Paris, le 3 juillet 2014

Que retenir de cette enquête ?

  • Interrogés suite à l’allocution de Nicolas Sarkozy le 2 juillet sur Europe 1 et TF1, les Français ayant entendu parler de cette intervention se montrent très partagés sur la prestation de l’ancien président de la République : 47% l’ont trouvé convaincant contre 49% qui partagent un avis contraire. Les plus critiques se retrouvent naturellement parmi les sympathisants de gauche (89% pas convaincus) et du Modem (74% pas convaincus) quand les proches de la droite (80% et jusqu’à 94% de ceux de l’UMP) se déclarent à l’inverse massivement convaincus par cette prise de parole.
  • Les principaux éléments mis spontanément en avant par les personnes ayant jugé positivement son intervention s’articulent autour des « arguments » exposés par Nicolas Sarkozy dans ses déclarations, et de ce qui est perçu comme un « acharnement politique » dont ce dernier serait victime. A l’inverse, les plus critiques évoquent la « multitude » des affaires dans lesquelles l’ancien Président est cité. A cette occasion, Nicolas Sarkozy leur est apparu dans sa posture habituelle (« comme toujours »), peu crédible de leur point de vue, le terme « mensonge » étant d’ailleurs fréquemment cité par ces derniers.
  • C’est sur ses intentions futures en politique que Nicolas Sarkozy a été jugé le plus convaincant lors de son allocution, sans qu’un réel consensus ne se dégage (50% convaincus, dont seulement 15% tout à fait convaincus). L’évocation de l’indépendance de la justice française et des chefs d’accusation ayant conduit à sa mise en examen suscitent des jugements sensiblement plus négatifs : 51% (dont 33% pas du tout convaincus) et 52% (dont 34% pas du tout) respectivement sur chacun de ces deux sujets. Notons que sur l’ensemble de ces dimensions, les proches de l’UMP jugent positivement (à plus de 60%) les propos de Nicolas Sarkozy. Dans une moindre mesure, les proches du FN et les personnes sans sympathie partisane, qui quoique plus partagés se montrent toutefois relativement bienveillants dans leur jugement.

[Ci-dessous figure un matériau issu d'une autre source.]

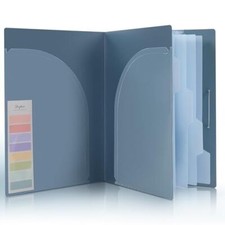 Accordion File Organizer, 5 Pocket Expanding File Folders with Blue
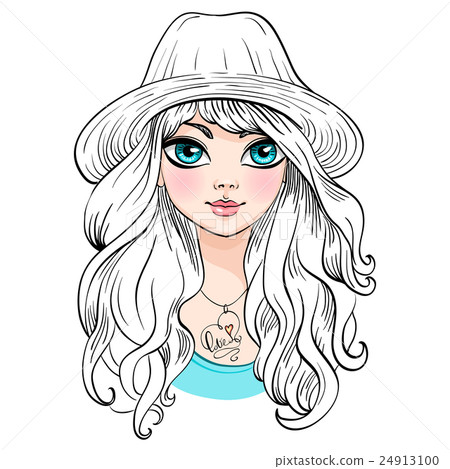 Vector beautiful fashion girl in hat - Stock Illustration [24913100 ...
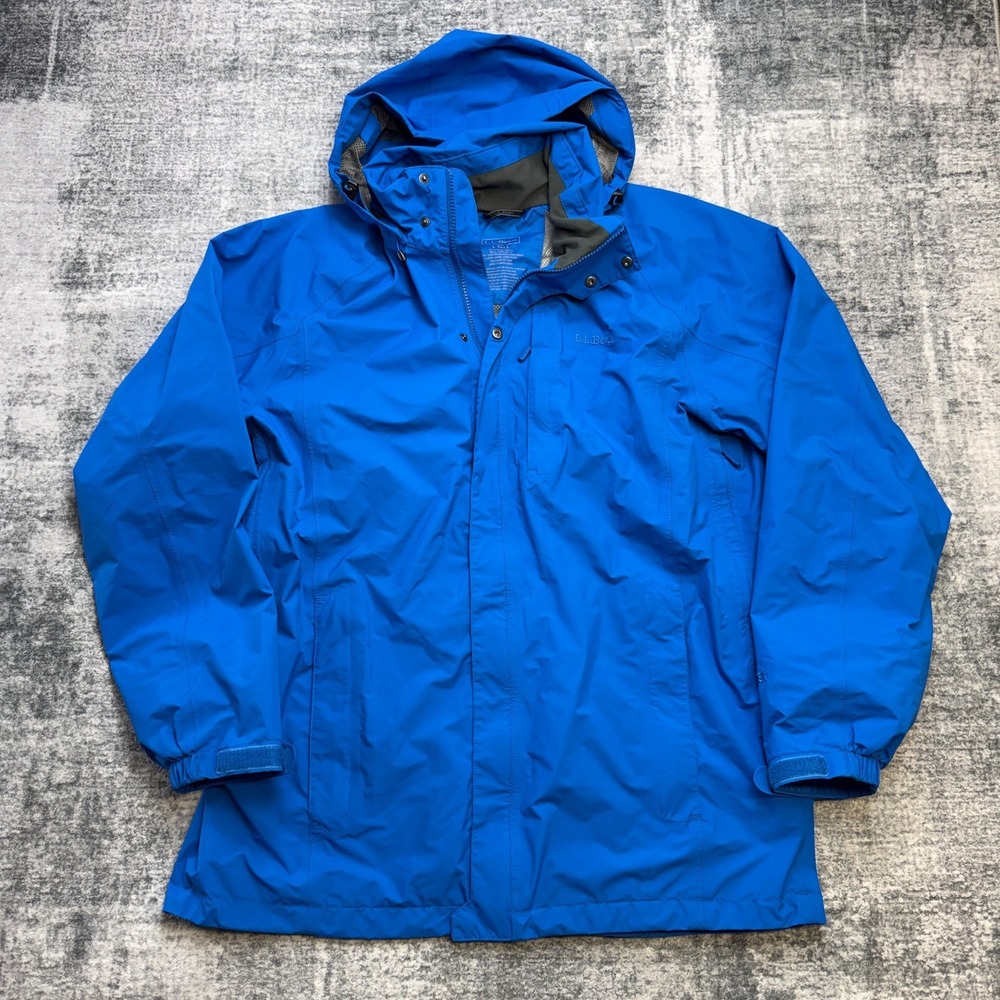 LL Bean Rain Jacket Mens Large Tall Blue Gore-Tex Waterproof Coat Packable Hood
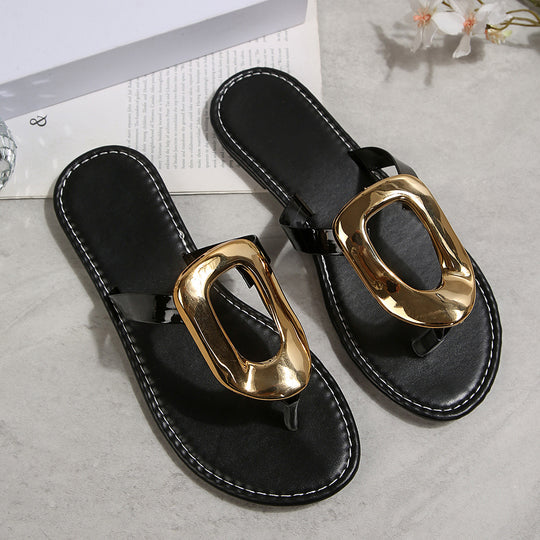 Damen modische Flip-Flops mit glanzvollem Metallelement EB
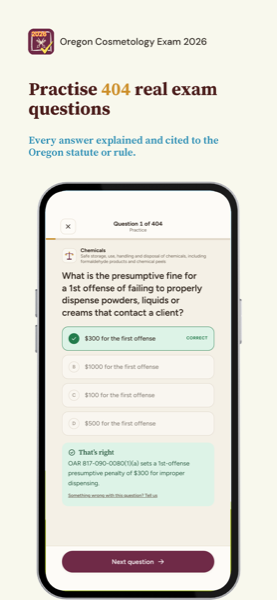 Oregon Cosmetology Laws and Rules Exam 2026 app screenshot 2 of 8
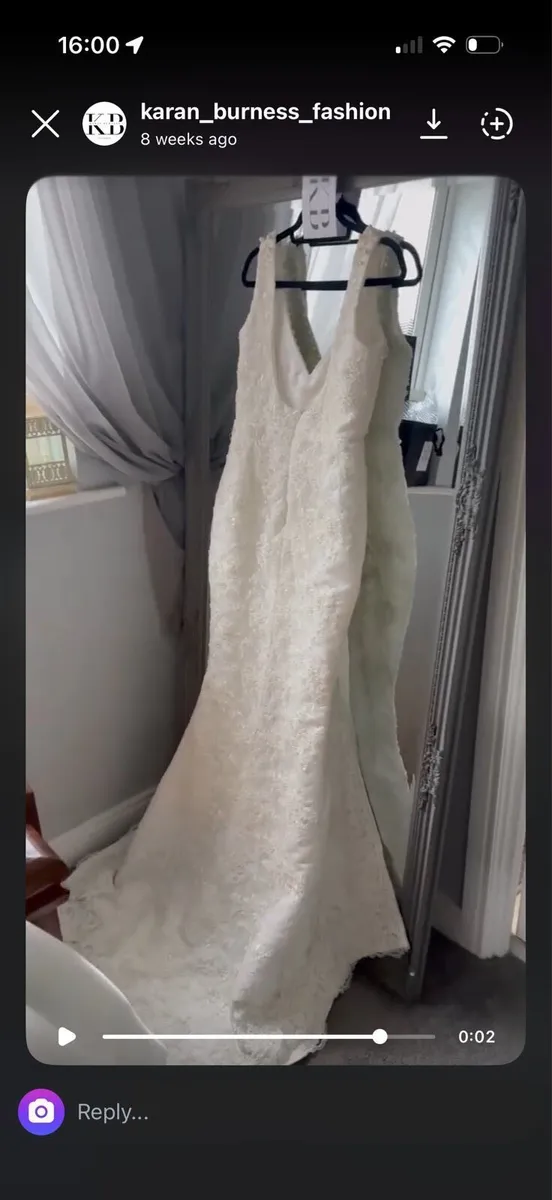 ivory lace and pearl embellished dress - Image 2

  • Au final, l’image de l’ancien Président apparaît légèrement dégradée sur les derniers mois. Si sa détermination demeure une qualité majoritairement attribuée à Nicolas Sarkozy (62%), seul un Français sur trois le juge « honnête ». L’ensemble des autres traits d’image tend à reculer d’un à plusieurs points depuis octobre 2013. Seuls les proches de l’UMP conservent une image extrêmement positive de ce dernier (plus de 80% d’opinions positives sur l’ensemble des traits d’image testés), qui voit même son capital sympathie renforcé auprès de cette frange de la population (91%, soit + 7 points).